With Pulp Fiction, Quentin Tarantino has proven himself to be more than just a director or a script writer. He is an artist. He has worked his quintessential magic on the film through the plethora of different ways scenes have been shot; the introduction of the characters and the subplots, the key themes of vengeance and violence and other key characteristics that make the movie scream "Tarantino!". While these directing traits are, what made Tarantino a legend, the very same traits can be seen as what are bringing about the mediocrity in his work. Considering Pulp Fiction was released in 1994, it was one of the first few movies that put Tarantino on the map, and so with a 'tried-and-tested' formula proven to work so successfully, Tarantino's following movies such as Kill Bill, Inglorious Basterds and Django Unchained have followed similar themes of violence and vengeance.
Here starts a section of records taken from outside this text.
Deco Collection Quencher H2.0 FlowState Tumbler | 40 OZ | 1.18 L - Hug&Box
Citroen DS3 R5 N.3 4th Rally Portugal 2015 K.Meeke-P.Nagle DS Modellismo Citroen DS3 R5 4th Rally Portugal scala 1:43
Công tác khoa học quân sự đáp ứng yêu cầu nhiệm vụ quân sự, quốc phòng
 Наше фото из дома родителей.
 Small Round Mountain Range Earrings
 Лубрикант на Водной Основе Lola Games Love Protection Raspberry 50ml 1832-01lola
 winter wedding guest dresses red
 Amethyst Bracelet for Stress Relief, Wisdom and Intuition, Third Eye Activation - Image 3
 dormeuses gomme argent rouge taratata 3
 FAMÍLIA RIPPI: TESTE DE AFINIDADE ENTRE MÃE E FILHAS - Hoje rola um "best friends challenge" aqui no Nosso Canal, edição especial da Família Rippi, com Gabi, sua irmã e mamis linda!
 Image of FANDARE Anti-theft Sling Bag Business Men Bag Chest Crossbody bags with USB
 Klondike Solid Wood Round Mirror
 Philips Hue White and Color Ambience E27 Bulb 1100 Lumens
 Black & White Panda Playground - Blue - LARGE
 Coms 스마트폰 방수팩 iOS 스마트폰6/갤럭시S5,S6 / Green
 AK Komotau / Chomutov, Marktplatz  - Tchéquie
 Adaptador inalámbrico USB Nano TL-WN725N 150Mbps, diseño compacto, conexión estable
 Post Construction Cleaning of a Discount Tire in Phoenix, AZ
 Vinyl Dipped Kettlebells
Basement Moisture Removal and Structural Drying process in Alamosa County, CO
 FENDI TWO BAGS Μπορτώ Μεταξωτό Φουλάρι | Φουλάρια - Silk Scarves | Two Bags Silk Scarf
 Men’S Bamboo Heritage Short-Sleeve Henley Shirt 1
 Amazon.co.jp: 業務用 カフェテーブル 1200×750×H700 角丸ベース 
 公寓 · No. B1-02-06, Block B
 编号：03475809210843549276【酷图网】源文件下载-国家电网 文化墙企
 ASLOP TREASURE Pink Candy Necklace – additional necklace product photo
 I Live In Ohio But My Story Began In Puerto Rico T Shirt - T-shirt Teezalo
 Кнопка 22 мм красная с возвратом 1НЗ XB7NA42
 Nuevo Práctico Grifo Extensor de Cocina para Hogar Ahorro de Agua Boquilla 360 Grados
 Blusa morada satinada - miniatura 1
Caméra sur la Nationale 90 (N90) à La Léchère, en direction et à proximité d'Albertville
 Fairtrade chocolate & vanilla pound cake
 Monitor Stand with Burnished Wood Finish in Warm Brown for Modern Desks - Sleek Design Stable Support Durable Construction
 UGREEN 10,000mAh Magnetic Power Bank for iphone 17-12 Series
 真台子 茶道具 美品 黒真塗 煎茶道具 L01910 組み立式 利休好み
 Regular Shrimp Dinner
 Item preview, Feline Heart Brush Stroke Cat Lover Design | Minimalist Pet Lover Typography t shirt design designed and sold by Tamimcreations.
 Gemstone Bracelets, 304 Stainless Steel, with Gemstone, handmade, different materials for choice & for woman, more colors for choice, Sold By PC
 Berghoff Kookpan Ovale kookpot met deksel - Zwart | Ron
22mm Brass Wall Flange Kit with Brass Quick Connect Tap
This has seen Tarantino's latest movies become somewhat predictable and cliché as the audience already knows what to expect, so unlike me, if you have seen any of Tarantino's more recent films you may not be that surprised by what Pulp Fiction brings to the table, but it will definitely strike you as one of, if not, his best movie.
"Pulp /'pelp/ n. 1. A soft, moist, shapeless mass of matter. 2. A magazine or book containing lurid subject matter and being characteristically printed on rough, unfinished paper." That is how Tarantino introduces his script and screenplay for Pulp Fiction, and that is what tells us so much about the film from so little.. As previously mentioned, the structure of the movie is erratic in a way which makes it unique. Its lack of following a chronological path when taking the audience through the four key plots of the story is what Tarantino highlights with that very opening sentence in the script, which is perhaps why 'Pulp Fiction' was considered the perfect name for the film.
The rarely seen structure of the plot line, the phenomenal dialogue and script in addition to some outstanding performances from a star studded cast made the movie extremely gripping for the audience and brought out and combined well the flavors of action and dark humor. A must watch in my opinion, as an action film enthusiast, it gave me everything I was looking for with a dollop of humor to swirl with the craziness of the events in the movie.